Una visita per rinsaldare i rapporti con gli alleati europei della Lega in vista delle prossime elezioni del 26 maggio. Matteo Salvini si è recato in Ungheria dove ha avuto un incontro con il premier ungherese Viktor Orban. Si tratta, ha spiegato Salvini al suo arrivo a Budapest, di «una missione importante per sostenere le aziende italiane a nome del governo e del popolo italiano, per un futuro europeo diverso che controlli i confini, protegga la sicurezza, rilanci il lavoro, la famiglia e l’identità cristiana del nostro continente».

Questione migranti
Il vicepremier e ministro dell’Interno si è, poi, recato con Orban al confine tra Ungheria e Serbia e in un post su Facebook ha lodato come l’Ungheria contrasti l’immigrazione clandestina: «Ora al confine tra Ungheria e Serbia. Felice di incontrare di nuovo il premier Viktor Orbán e vedere con i miei occhi con quanta efficacia il suo governo contrasti l’immigrazione clandestina». Riguardo al problema dell’immigrazione, Salvini ha parlato della necessità di «rivedere gli accordi commerciali con i paesi extraeuropei che non agevolano i rimpatri dei loro connazionali – e di pensare a – luoghi di transito e identificazione fuori dalla frontiera Ue».

Critiche di governo
La visita del ministro dell’Interno in Ungheria ha provocato numerose critiche, a cominciare dagli alleati di governo del MoVimento 5 Stelle. Il ministro del Lavoro, Luigi Di Maio, infatti, in occasione della presentazione del programma per le europee del MoVimento ha spiegato: «Non ha senso che vieni qui in Italia come fa la Lega a dire “combattiamo l’austerity” e poi ti allei con forze come quella di Orban che quando facevamo la guerra all’austerità, portando avanti quota 100 e reddito di cittadinanza, chiamavano Juncker per chiedergli più austerity per l’Italia».
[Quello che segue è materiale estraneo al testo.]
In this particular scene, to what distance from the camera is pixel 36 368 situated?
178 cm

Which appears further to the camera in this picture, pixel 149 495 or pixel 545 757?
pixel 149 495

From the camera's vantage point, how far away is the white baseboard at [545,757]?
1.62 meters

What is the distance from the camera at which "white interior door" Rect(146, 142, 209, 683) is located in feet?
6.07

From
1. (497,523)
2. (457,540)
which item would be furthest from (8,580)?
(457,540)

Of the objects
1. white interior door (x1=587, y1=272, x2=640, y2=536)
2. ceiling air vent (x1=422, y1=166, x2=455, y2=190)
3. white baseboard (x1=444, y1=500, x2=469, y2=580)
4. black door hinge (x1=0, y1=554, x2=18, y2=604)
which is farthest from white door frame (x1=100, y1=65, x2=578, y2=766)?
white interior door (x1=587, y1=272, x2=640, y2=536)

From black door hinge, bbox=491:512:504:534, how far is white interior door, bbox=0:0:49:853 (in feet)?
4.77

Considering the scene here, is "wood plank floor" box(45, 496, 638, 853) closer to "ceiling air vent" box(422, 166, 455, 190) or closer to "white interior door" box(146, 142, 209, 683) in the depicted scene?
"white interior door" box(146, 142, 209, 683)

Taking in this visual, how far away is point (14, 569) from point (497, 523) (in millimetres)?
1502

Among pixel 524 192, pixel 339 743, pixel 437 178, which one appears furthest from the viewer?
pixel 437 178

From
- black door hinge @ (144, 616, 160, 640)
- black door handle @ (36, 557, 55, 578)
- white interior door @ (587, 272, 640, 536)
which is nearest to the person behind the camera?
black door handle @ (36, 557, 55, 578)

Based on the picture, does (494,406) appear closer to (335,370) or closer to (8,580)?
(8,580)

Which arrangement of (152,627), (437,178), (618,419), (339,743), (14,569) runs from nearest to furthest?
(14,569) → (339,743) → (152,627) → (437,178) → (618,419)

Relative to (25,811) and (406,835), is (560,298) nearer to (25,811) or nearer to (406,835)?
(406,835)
Gli attacchi dell’opposizione
Nel Partito democratico, il candidato alle prossime europee ed ex-sindaco di Milano, Giuliano Pisapia, sottolinea: «Matteo Salvini come primo atto della sua visita in Ungheria si è recato al muro anti migranti posto al confine con la Serbia. Quel muro è una macchia per l’Europa unita». L’ex sindaco di Milano aggiunge: «I sovranisti alleati del nostro vicepremier sono solo dei nazionalisti contrari alla gestione europea dell’immigrazione, contrari alla riforma del Trattato di Dublino. Quindi paesi contro gli interessi italiani. Suona sinistro ricordare come esattamente 30 anni fa tutti gioivamo perché il muro di Berlino cadeva. Ora Salvini tesse le lodi di questo sfregio voluto da Orban. Ma questa idea di Europa non passerà».
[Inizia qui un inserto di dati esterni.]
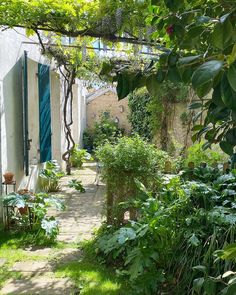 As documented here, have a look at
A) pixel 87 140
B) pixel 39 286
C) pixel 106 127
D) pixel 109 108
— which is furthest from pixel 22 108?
pixel 109 108

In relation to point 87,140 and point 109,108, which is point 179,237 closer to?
point 87,140

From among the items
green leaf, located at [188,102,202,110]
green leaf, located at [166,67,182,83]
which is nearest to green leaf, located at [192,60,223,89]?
green leaf, located at [166,67,182,83]

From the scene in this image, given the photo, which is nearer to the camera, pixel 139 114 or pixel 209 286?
pixel 209 286

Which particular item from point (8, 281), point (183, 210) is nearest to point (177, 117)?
point (183, 210)

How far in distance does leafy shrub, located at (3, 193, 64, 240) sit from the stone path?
→ 0.83 ft

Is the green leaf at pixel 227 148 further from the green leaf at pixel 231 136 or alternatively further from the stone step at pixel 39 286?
the stone step at pixel 39 286

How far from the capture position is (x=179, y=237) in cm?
310

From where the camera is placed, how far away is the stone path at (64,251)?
10.4 ft

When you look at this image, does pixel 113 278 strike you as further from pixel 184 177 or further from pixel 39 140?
pixel 39 140

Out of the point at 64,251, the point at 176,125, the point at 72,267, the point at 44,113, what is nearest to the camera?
the point at 72,267

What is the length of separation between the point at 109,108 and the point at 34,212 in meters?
11.0

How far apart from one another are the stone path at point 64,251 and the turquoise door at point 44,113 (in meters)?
0.89

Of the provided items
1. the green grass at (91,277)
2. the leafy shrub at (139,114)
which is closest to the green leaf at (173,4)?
the green grass at (91,277)

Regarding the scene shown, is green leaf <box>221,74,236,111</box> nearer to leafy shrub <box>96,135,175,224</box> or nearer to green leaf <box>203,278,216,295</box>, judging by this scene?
green leaf <box>203,278,216,295</box>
In Forza Italia, invece, il vicepresidente del partito, Antonio Tajani, parla di alleanze impossibili con alcuni partiti sovranisti, spiegando che con chi vuole rigore e austerità un dialogo non può essere aperto «soprattutto non c’è condivisione di valori». Infine, domanda alla Lega di fare chiarezza al suo interno, «decidere qual è la linea politica e poi si discuterà. È contro l’euro sì o no? È per l’uscita dell’Italia dall’Unione europea sì o no? La composizione delle liste non fa chiarezza su questo argomento».
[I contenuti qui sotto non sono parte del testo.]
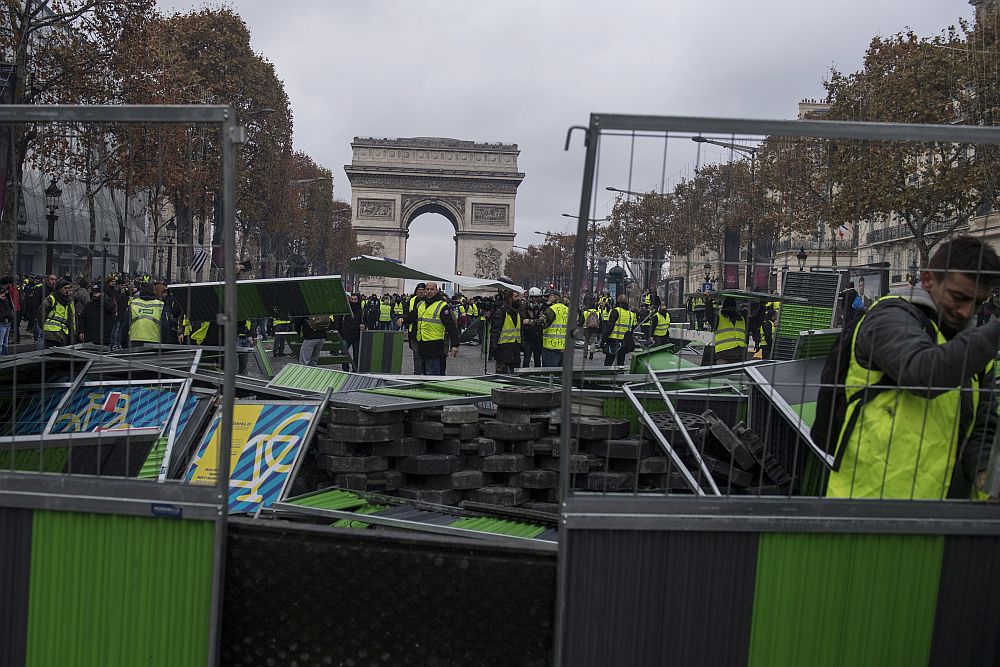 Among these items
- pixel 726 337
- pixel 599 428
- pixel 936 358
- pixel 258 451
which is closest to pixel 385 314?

E Nicola Fratoianni, segretario di Sinistra Italiana, commenta: «Che tristezza esaltare la ferocia di un governo come quello ungherese contro ogni principio umanitario e civile. È quello che ha fatto oggi il ministro Salvini in trasferta come al solito». Inoltre, Fratoianni aggiunge che l’Ungheria «non è certo un’amica del nostro Paese, anzi ha contribuito ad isolarci e a danneggiarci. Un’Ungheria che non è certo oggi un modello di democrazia, di convivenza civile, di rispetto delle persone e delle loro idee».